#### [WHAT THE TASK REQUIRES]
Starting with the line where "Zwergfadenfisch" appears, print every line through the end of the entries below exactly as it stands, and leave out the pictures.

===

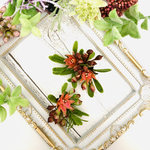 庭木の赤い花のイヤリング、イヤークリップ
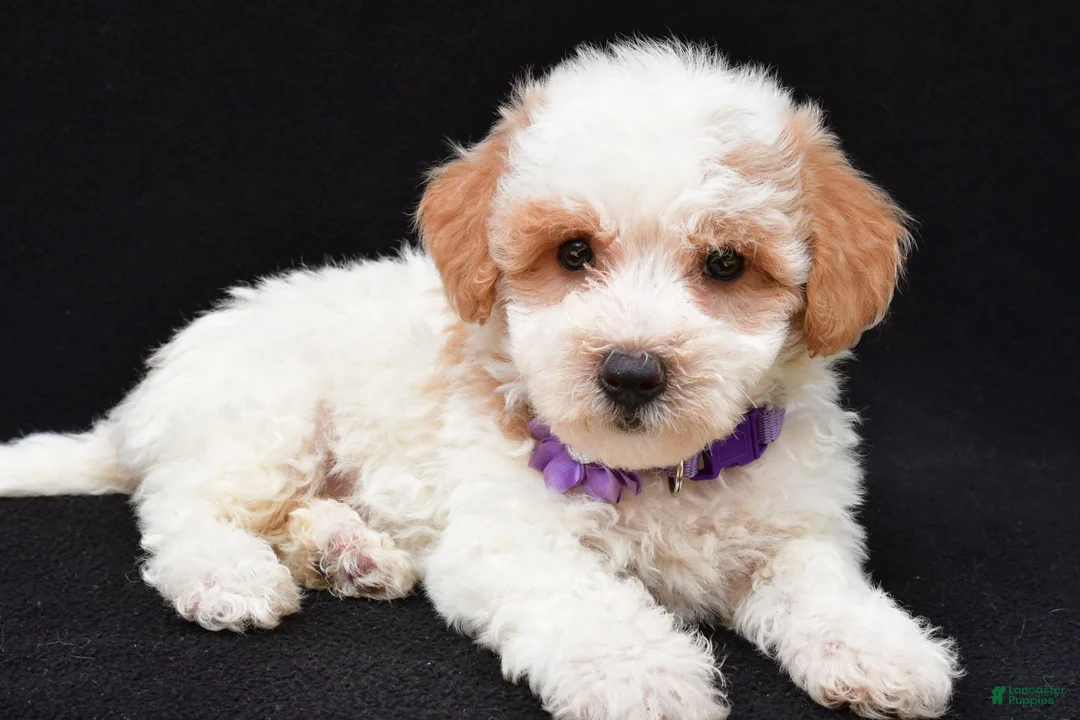 Maltipoo dogs for sale: Lucy - Ad 1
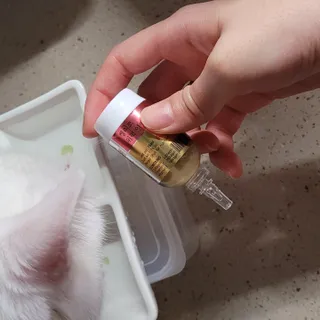 무지조타 반려동물용 꽃으로만든영양제 헬리코디펜스 15ml — 5점을 준 리뷰어가 2021년 8월 올린 사용 사진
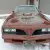 1978 TRANS AM , LOW MILE SURVIVOR , 98% RUST FREE, LOADED!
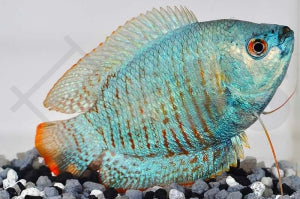 Zwergfadenfisch 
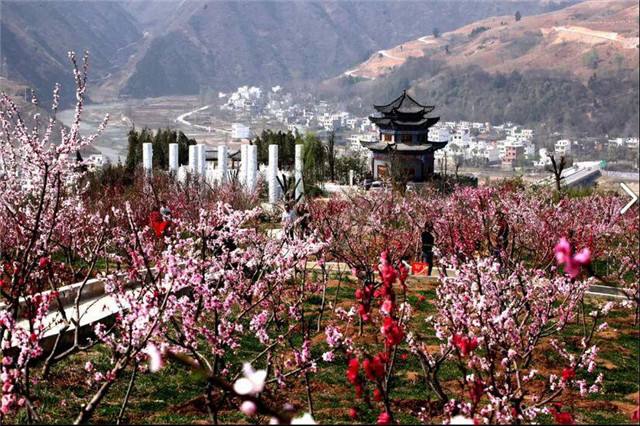 商洛贾平凹的故里,文化的故乡贾平凹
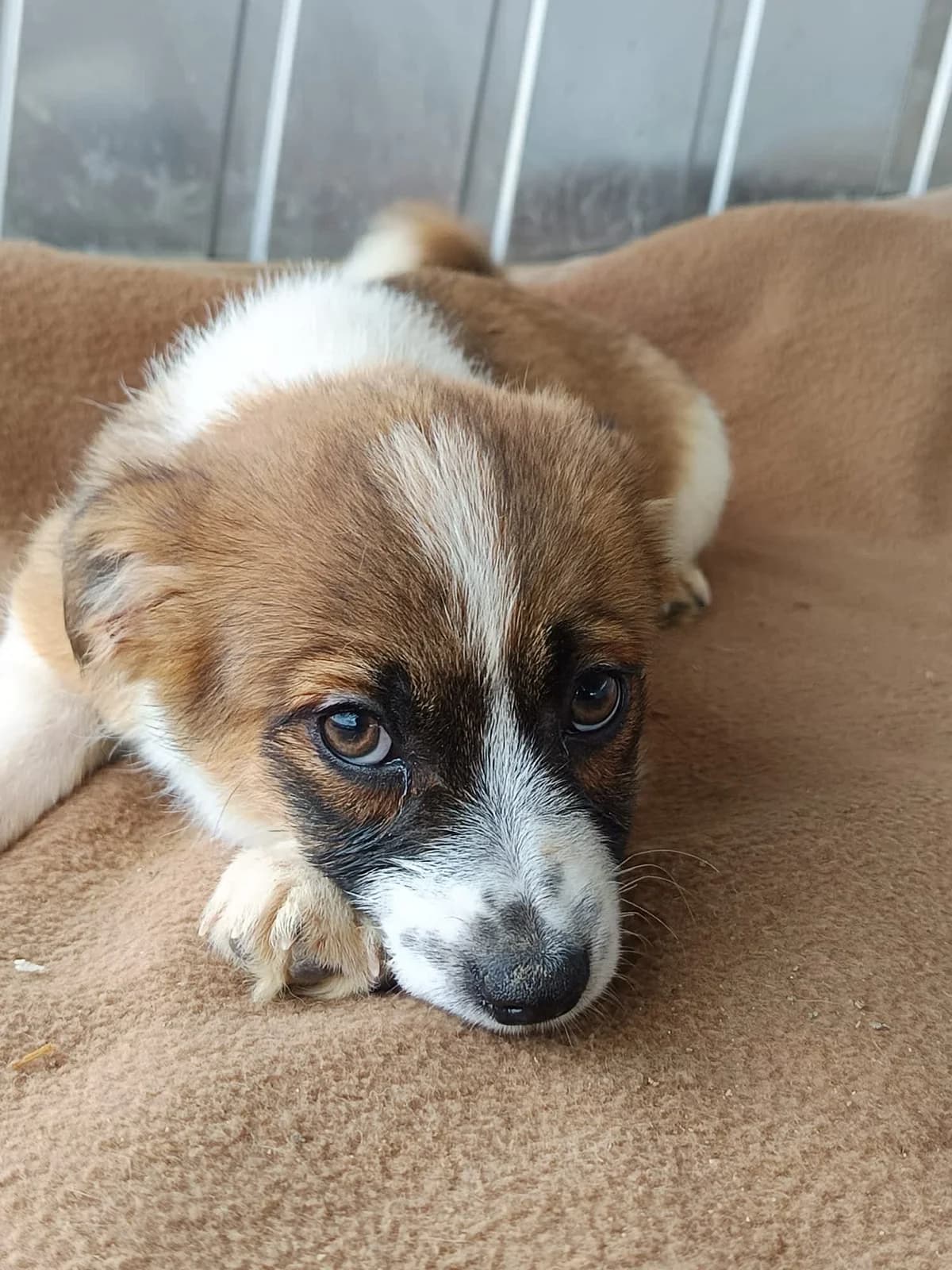 Body, male puppy Mixed Breed for adoption at Seelen für Seelchen e.V., Alfter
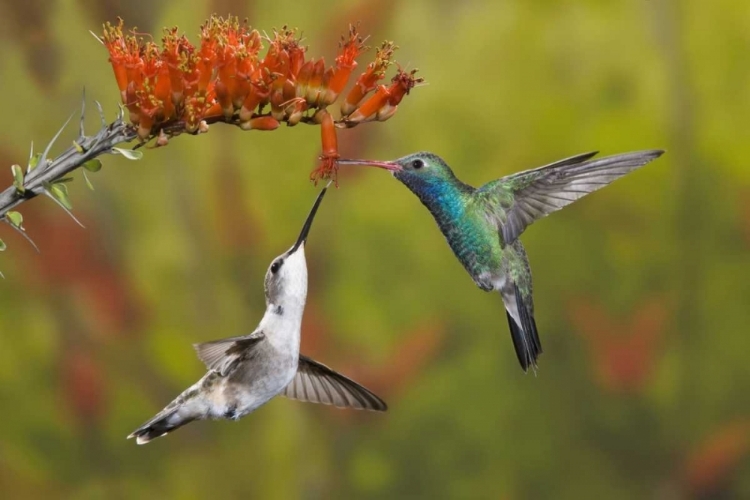 Picture of AZ, SONORAN DESERT HUMMINGBIRD SHARE AN OCOTILLO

===

#### [WRITTEN ANSWER]
 Zwergfadenfisch 
 商洛贾平凹的故里,文化的故乡贾平凹
 Body, male puppy Mixed Breed for adoption at Seelen für Seelchen e.V., Alfter
 Picture of AZ, SONORAN DESERT HUMMINGBIRD SHARE AN OCOTILLO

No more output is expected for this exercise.